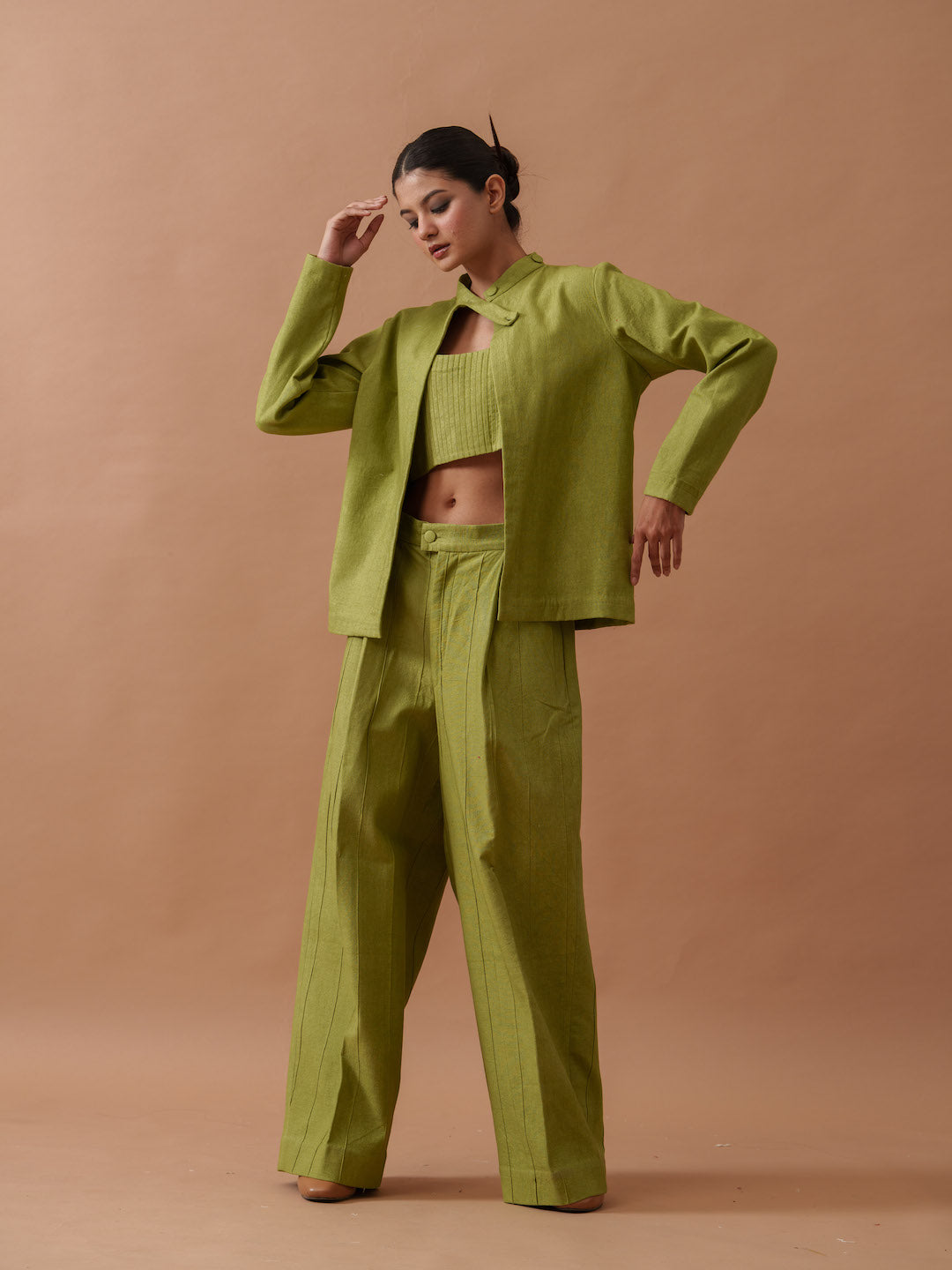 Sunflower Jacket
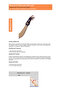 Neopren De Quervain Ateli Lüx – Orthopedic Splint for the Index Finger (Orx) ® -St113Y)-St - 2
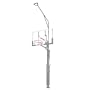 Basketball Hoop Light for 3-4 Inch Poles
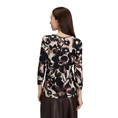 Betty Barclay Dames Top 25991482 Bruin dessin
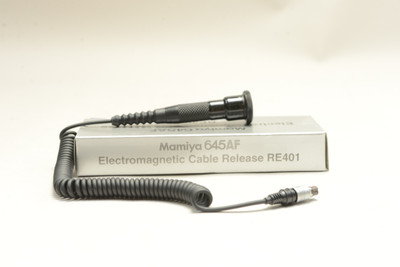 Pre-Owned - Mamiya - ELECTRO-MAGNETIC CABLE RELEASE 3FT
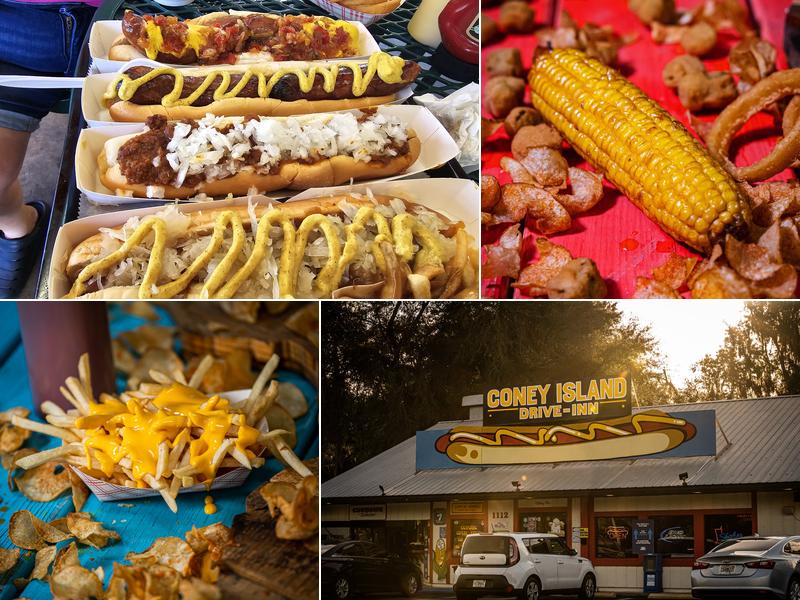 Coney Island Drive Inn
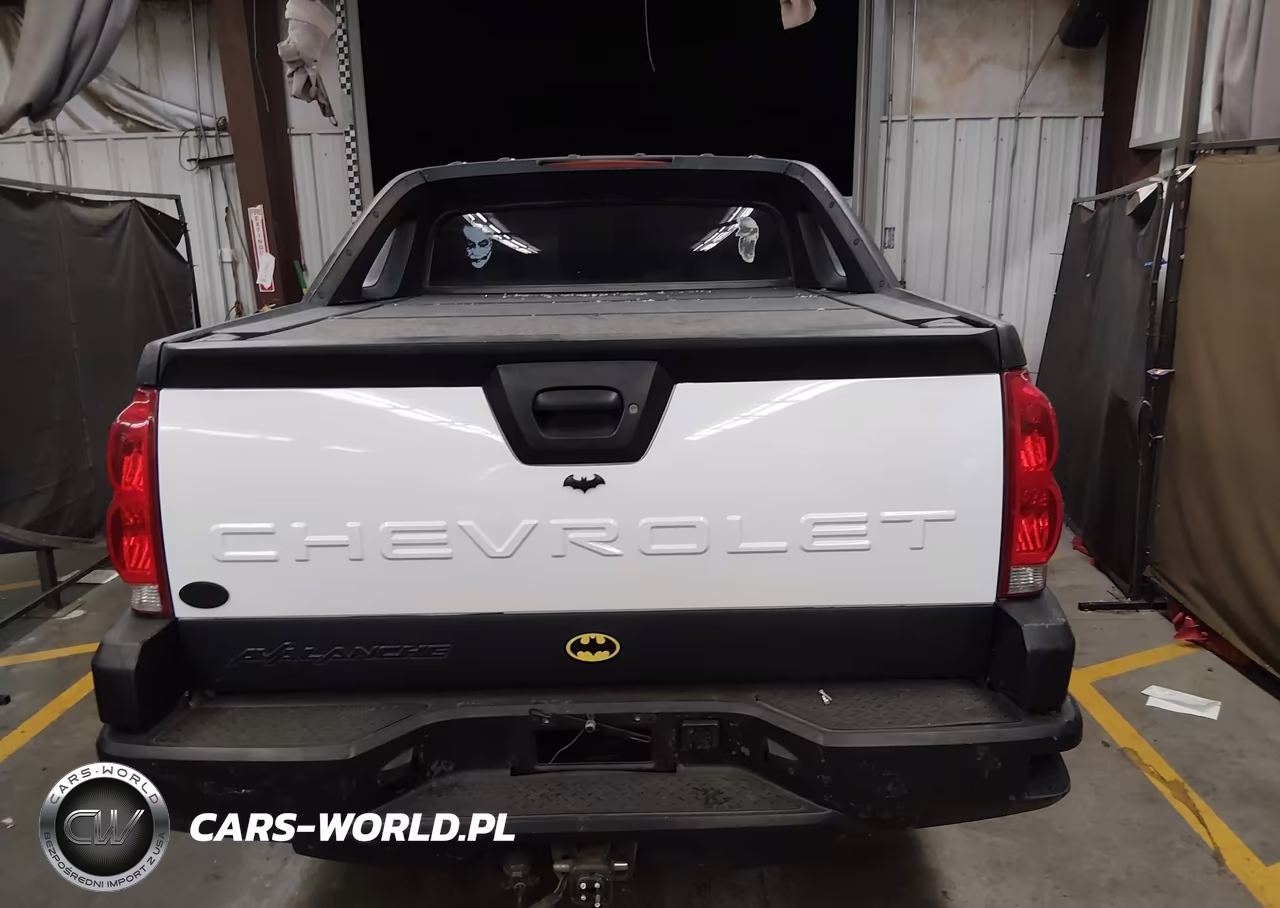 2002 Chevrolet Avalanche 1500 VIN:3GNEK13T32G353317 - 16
* * *
*WORK REQUIRED*:
Beginning at the line that contains "Betty Barclay Dames", retype each line of the data above through the very last one. Do not retype the pictures.

*ANSWER SPACE*:
 Betty Barclay Dames Top 25991482 Bruin dessin
 Pre-Owned - Mamiya - ELECTRO-MAGNETIC CABLE RELEASE 3FT
 Coney Island Drive Inn
 2002 Chevrolet Avalanche 1500 VIN:3GNEK13T32G353317 - 16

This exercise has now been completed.